Massachusetts, Rhode Island and Connecticut have plenty of proposals to consider as they look for enough additional electricity for tens of thousands of homes to meet their clean energy goals.
Dozens of submissions will need to be vetted in coming months as the three states look to sign long-term contracts for electricity from wind turbines, dams and solar projects. The states are seeking up to 600 megawatts of power, roughly the amount once produced by defunct Vermont Yankee Power.
Several of the proposals call for wind power from northern New England, with infrastructure projects that could create hundreds of jobs and pump millions of dollars into the economy.
"If you're looking to build wind in Maine, you're going to need long-term contracts of this sort, so this is the next infusion to get more wind built," said Tim Schneider, the state's public advocate.
The proposals were submitted Thursday and will be made public in the coming days.
The timeline calls for a selection of winning bids by late July.
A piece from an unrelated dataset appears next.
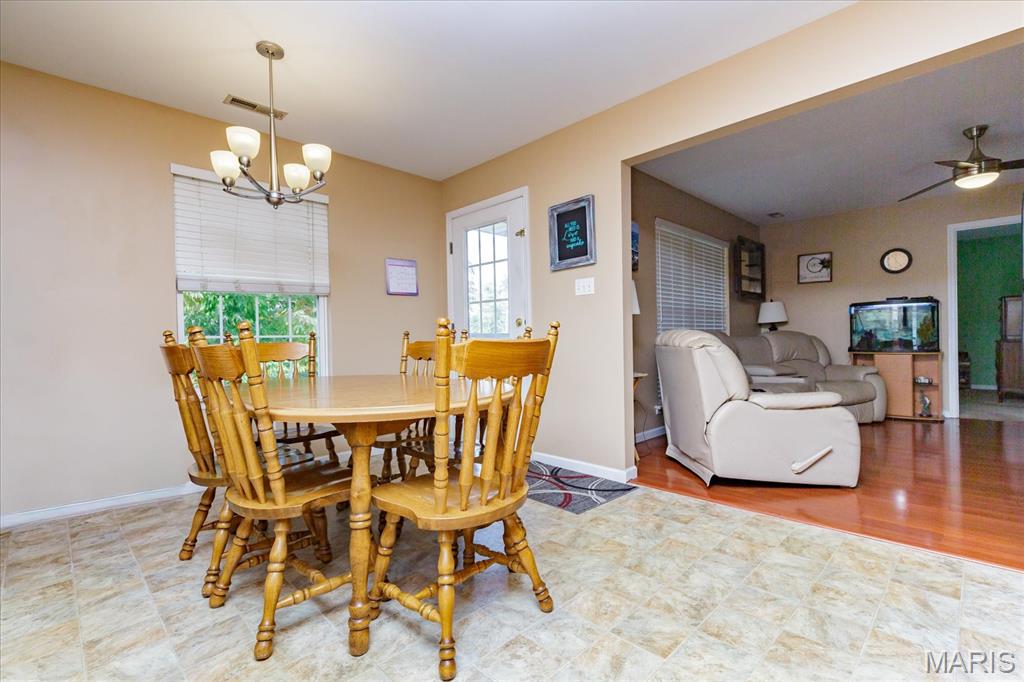 Westbury Place Bldg 1 - Residential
Then the winning proposals would be submitted for regulatory approval.
The effort is one of several ways New England states are trying to reduce greenhouse emissions, ensure ample energy supply and lower energy rates.
Massachusetts Gov. Charlie Baker is advocating for an even larger proposal that would tap into Canada's ample hydropower supply for New England. There also are several proposals to bolster the natural gas pipeline system in New England to eliminate bottlenecks. Then there's the proposal for offshore wind projects off the coast of Massachusetts.
The latest plan for the three states called for both long-term power contracts needed to get new wind projects moving along with improvements to ensure there are pipelines to get the energy from rural areas to the regional power grid.
In Maine, there were at least two different proposals, one from Central Maine Power and another in which Central Maine Power and Emera Maine are collaborating.
Another proposal called "The Wind and Hydro Response" calls for a partnership between renewable energy operator Invenergy and developers of the proposed Vermont Green Line, which calls an underground power cable beneath the waters of Lake Champlain.
The projects would be funded by electric ratepayers in the three southern New England states that initiated the process.